At the top of my list.
In all capital letters.
You win Nashville. You’ve got me.
Will it be work? Will it be school? Will it be an internship? Will it be all three? I’d love to know the answer to that more than anyone. Time will tell. Plans will form. Connections will be made. God will provide. I cannot wait to see what comes of this.
As evidence by the rambling directly above, leaving Nashville last weekend was one of the hardest things I’ve ever done. I had a great last couple of weeks there trying to fit in as many “Nashville” things as possible. We did a pretty darn good job. But it wasn’t until I said my last goodbye, got in my car, and made my way to the interstate that I truly realized what was happening. I was closing a chapter in this crazy book of life. Sure, I’ll be back and those relationships will continue, but that part of my life was over. Never again will I be in the same spot. I am so grateful for the people and experiences He placed before me throughout this internship. I could not have imagined anything better. It had it’s ups and downs, but somehow my heart was healed in ways that I didn’t even know it needed healing. It repaired things in my life that I didn’t even know were broken.
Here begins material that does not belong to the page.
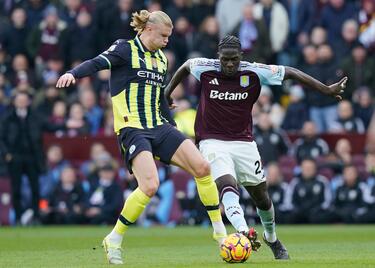 Auch Top-Torjäger Erling Haaland (l) blieb gegen Aston Villa wieder blass.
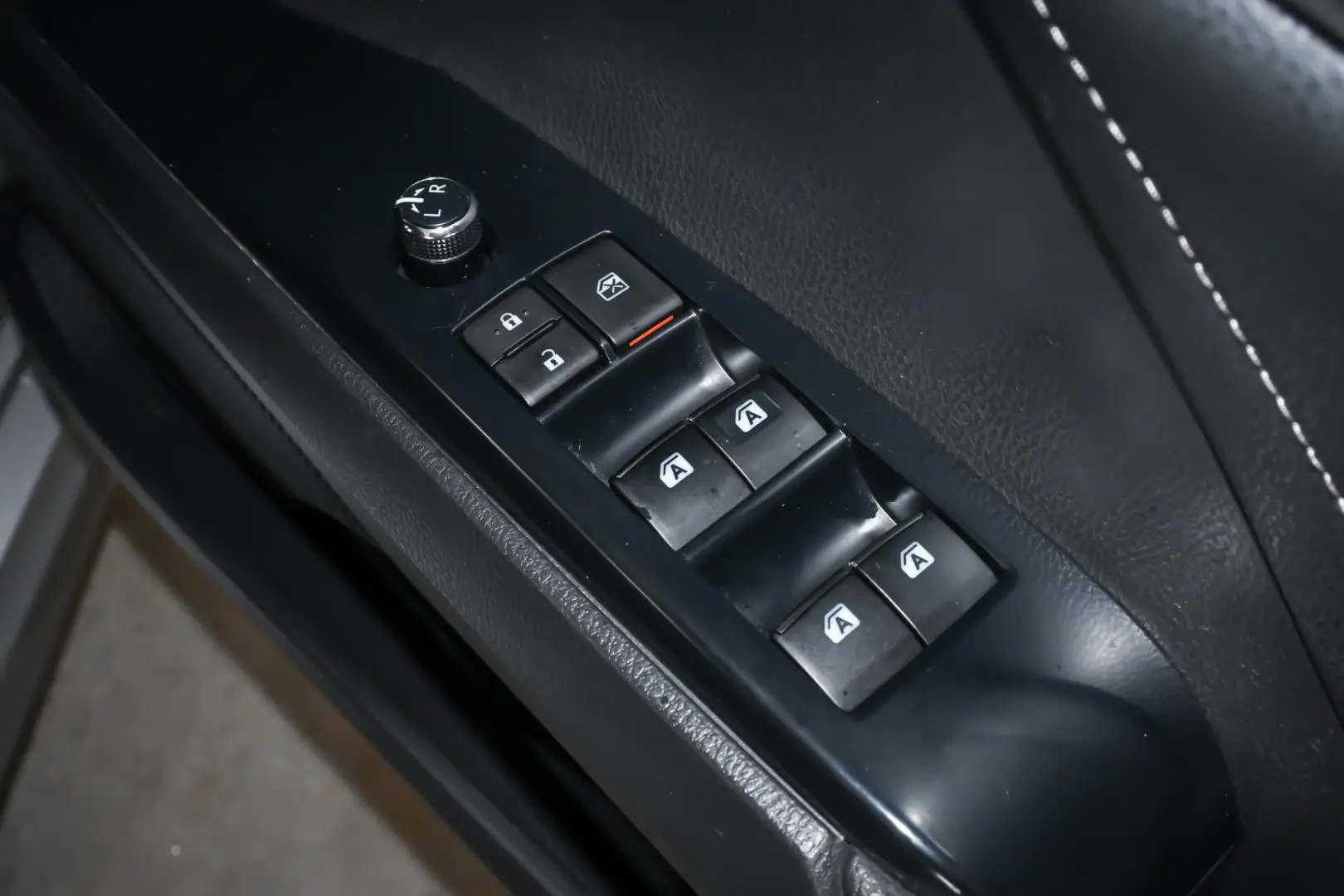 2018 Toyota Camry Gallery Image 10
I left Franklin, TN last Sunday a different person than I arrived three and a half months ago. I have Red Bus to thank. I have my fellow interns to thank. I’m just so in awe of what God has done through this Red Bus Project journey.
Now I’m home in North Carolina. I’m back with some of my best friends in the world. I’m back in one of the most beautiful places that I’ve ever seen. I’m trying to process the last three months. I’m trying to think about packing for the next three months. I’m trying to be in a spot where I’m ready to experience and learn everything that will be thrown my way throughout this next chapter of my crazy story. I’m not going to lie, it’s been a hard adjustment coming back. It’s been a lot to process. It’s been a lot to wrap my mind around. It’s been a little overwhelming. Somehow God will show up. He’ll calm my nerves. He’ll take my hand and yet again ask me if I trust Him. At this point in my life, I don’t know why I still doubt that.
Like I said, there is no way that I can completely sum up my time in Nashville into words. To be honest, I’m not sure I did a great job of attempting to put words down here at all. All I know is that God is good. His hand is on all of this. I don’t understand the half of it, but I’m trying to reach out my hand and simply say, “Okay, I trust you.”
Even in laughter the heart may ache, and the end of joy may be grief. – Proverbs 14:13.